A empresa irá acabar com todos os plásticos de uso único de todas as vendas até 2023 (o que engloba os sacos de plástico nas lojas e os finos sacos de plástico nas encomendas online). E tenciona passar 80% da sua energia para fontes renováveis nas lojas, centros logísticos e escritórios.
MANTER O RÁPIDO
Estes objectivos são louváveis, principalmente com uma empresa com tanto alcance e escala como a Inditex. O grupo tem 7490 lojas em 96 mercados de todo o mundo, empregando 174 mil pessoas de 154 nacionalidades. Tornar mais sustentável todas as partes do negócio pode levar a enormes diminuições na poluição por carbono e plástico.
Mas em nenhum dos seus anúncios a Inditex abordou o volume de vestuário que produz, ou o modelo de vender peças na moda a uma fracção do preço das marcas de designers. Na verdade, está a trabalhar para um maior crescimento. Nos últimos cinco anos, as suas vendas cresceram entre 4% e 10% todos os anos. Embora seja boas notícias para os accionistas, é uma má notícia para o planeta.
Por muito ecológica que a cadeia de abastecimento se torne, produzir mais e mais vestuário tem um custo ambiental. Na realidade toda a cadeia de abastecimento está feita para imitar a última tendência, e a natureza da moda torna-a rapidamente obsoleta. Graças à sua logística ágil, os clientes podem entrar uma Zara em Tóquio e perguntar de têm casacos camuflados.
Se o gerente da loja ouve o mesmo pedido uma série de vezes, pode enviar uma mensagem para os designers da empresa. Ao fim de umas semanas, um novo carregamento de casacos camuflados chega ao mercado japonês, respondendo assim a uma microtendência japonesa. Este tipo de agilidade é um dos pontos fortes da Zara – e da Inditex.
Mas neste momento, está a ser usado para criar novos estilos que podem estar fora de moda daqui a umas semanas ou meses.
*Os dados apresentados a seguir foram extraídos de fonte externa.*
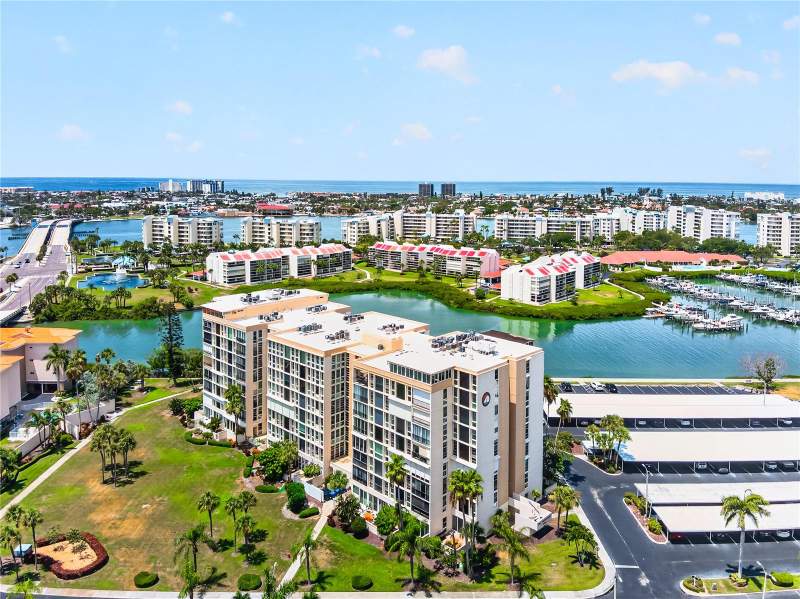 2 bedroom Condominium at 7400 Sun Island Drive #203, Bay Island Group 1, South Pasadena — photo 2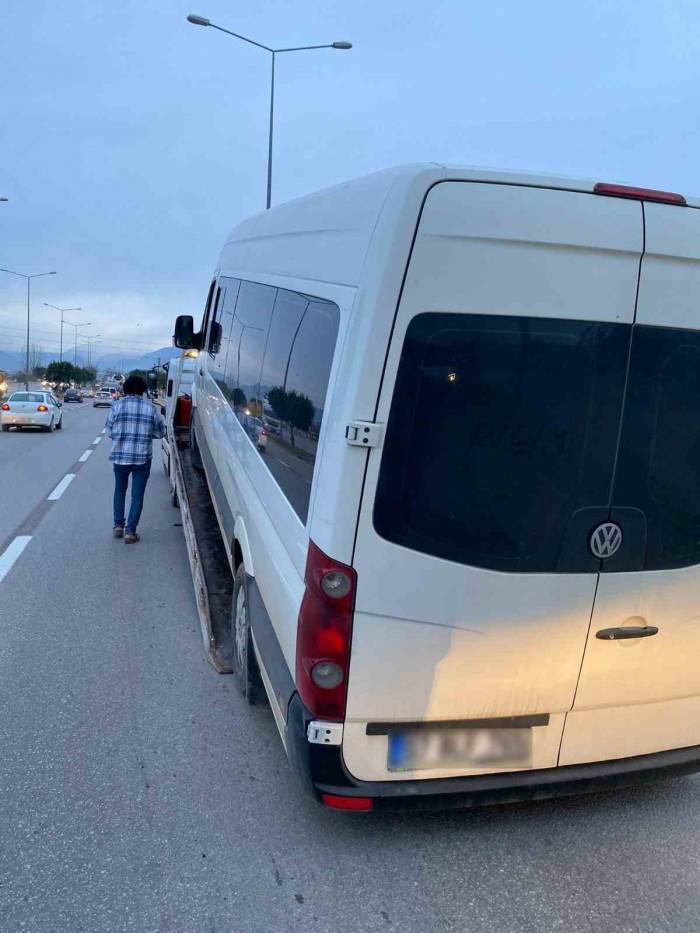 Korsan Taşımacılık Yaptığı Tespit Edilen 162 Sürücüye İşlem Yapıldı, Araçlar Trafikten Men Edildi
E isto contribui para o excesso de consumo. A abordagem mais ecológica seria criar peças duráveis e clássicas que o cliente usaria durante anos até serem enviadas para reciclagem.
A Zara já cria algumas peças que encaixam nesta descrição na sua linha Básicos, e podia expandir esta parte da colecção. E podia aproveitar a sua cadeia de abastecimento ágil para começar a fazer peças a pedido, para que nunca tivesse de reduzir o preço. A Zara ajudou a criar a tendência da moda rápida. Tem também poder para acabar com ela e inventar um modelo de negócio novo para a indústria da moda.